I also end up having to be the one to talk to data vendors to understand their data feeds and essentially translate that for the data scientists. Having to sit in the middle is annoying for me and suboptimal for the business.




The data science field has been flooded with PhDs with nowhere else to go that have no background in engineering, and sadly often have a very poor understanding of both machine learning and statistics.

Companies were in a rush hire "data scientists" and boot camps like Insight were more than happy to pump out very impressive PhDs with just enough understanding to build a Keras model.

I've worked in industry awhile doing DS work and have been astounded at the number of PhDs that both don't know how to write Python that doesn't live in a notebook and throw away years of disciplined experimentation experiences to just throw keras models at data until the needle moves.

There do exist excellent data scientists out there, who are both very solid software engineers and really know their stuff mathematically, but I've found most of these people can't reliably find jobs because the people interviewing them know so little that good data scientists will be penalized for answer a stock question correctly.

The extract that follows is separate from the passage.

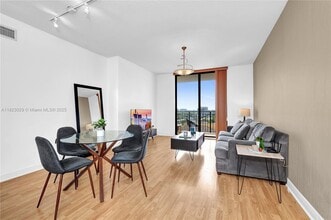 888 Douglas Rd in Coral Gables, FL - Building Photo - Building Photo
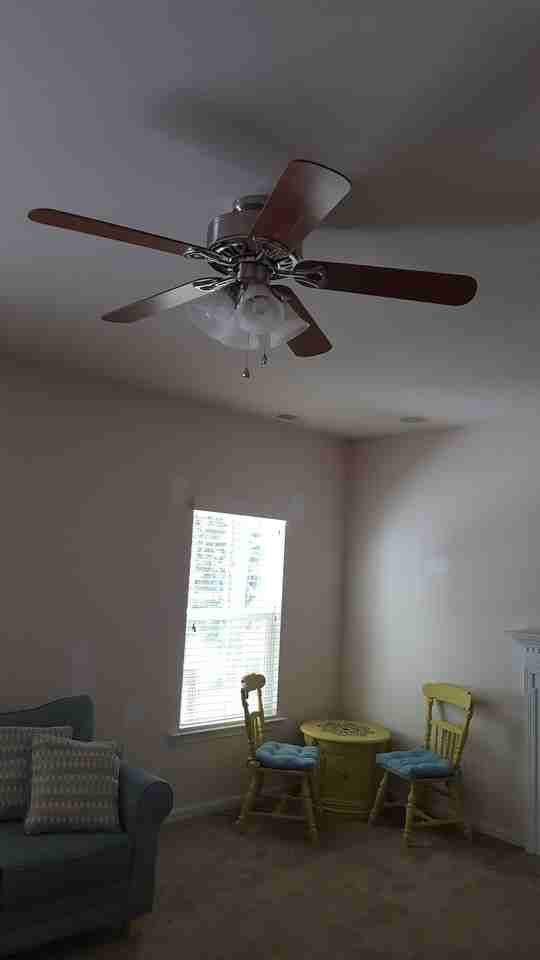 13287 Beacon Hill Way - Photo 3 of 15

The field has been so flooded with amateurs that have no idea what they're doing, that potential mentors have been driven out, and now it's just a mess. To get a job doing DS if you do know what you are doing you have to play a weird game where you guess the incorrect answer the interviewer has in mind.


Not to mention the dark pattern of giving data scientist candidates an unsolved industry problem as their interview take-home task, and then telling them to only spend 4 hours on it. Data science hiring often feels like a competition where the winner is the one who has the most free time and willingness to do other people's work without compensation.

It's kind of a fucked up field right now.


I work at a place with a very high count of PhDs. Some of them write code. All of them view writing code as something menial and unimportant and its shows in the resulting work, which from my experience is atrocious.

Of course I understand that YMV, but I will forever be skeptical of anyone writing code with a PhD after working here.


Are they CS/EE PhDs?


Think back to your own CS professors, were any of them particular good software engineers?

I've found that Physics PhDs tend to have the highest probability of being good coders since a certain subset of them get bit by the software bug when they need to write non-trivial amounts of code to solve research problems.


I got my physics PhD in the early 90s. Physics has had a tradition of interest in programming that goes back decades. We've always had "big data," meaning big relative to the tools available at any given moment. We ran out of problems that could be solved by pencil and paper in the 1930s.

Every physics student at my college had to take FORTRAN, plus programming was assumed in many of the other courses, and we also took an electronics course that included digital techniques. And maybe the main thing was simply that programming was interesting and fun.

We've also had a tradition of learning to do everything ourselves, for better or worse. I had no access to a professional programmer.


The ones who's work I've seen are EE


I do an introductory Python lab course at my university. It's targeted at engineers who still create graphs from Excel and then normally level up to MATLAB, if things get complicated (think insets, ...). I guess about 30% of the people previously did at least some of the YT/Udemy "courses" on datascience. It's really horrifying for me (not being an engineer myself, but imo having a relatively engineering-like mindset) to see these people horrified at simple tasks like writing a variadic function. "What do I need this for?". Well, it's using the programming environment. And then let them code up a simple version of Levenberg-Marquardt. The level of "why do I need to do this" is astonishing again...


why do I need to do this

IMO this is the number one problem of our modern culture around education. Popular culture makes it popular to treat education as pointless, and this even affects students who are pursuing difficult degrees. "Why do I need to study humanities? Why should I learn to code if I think I am born to be someone else's boss?"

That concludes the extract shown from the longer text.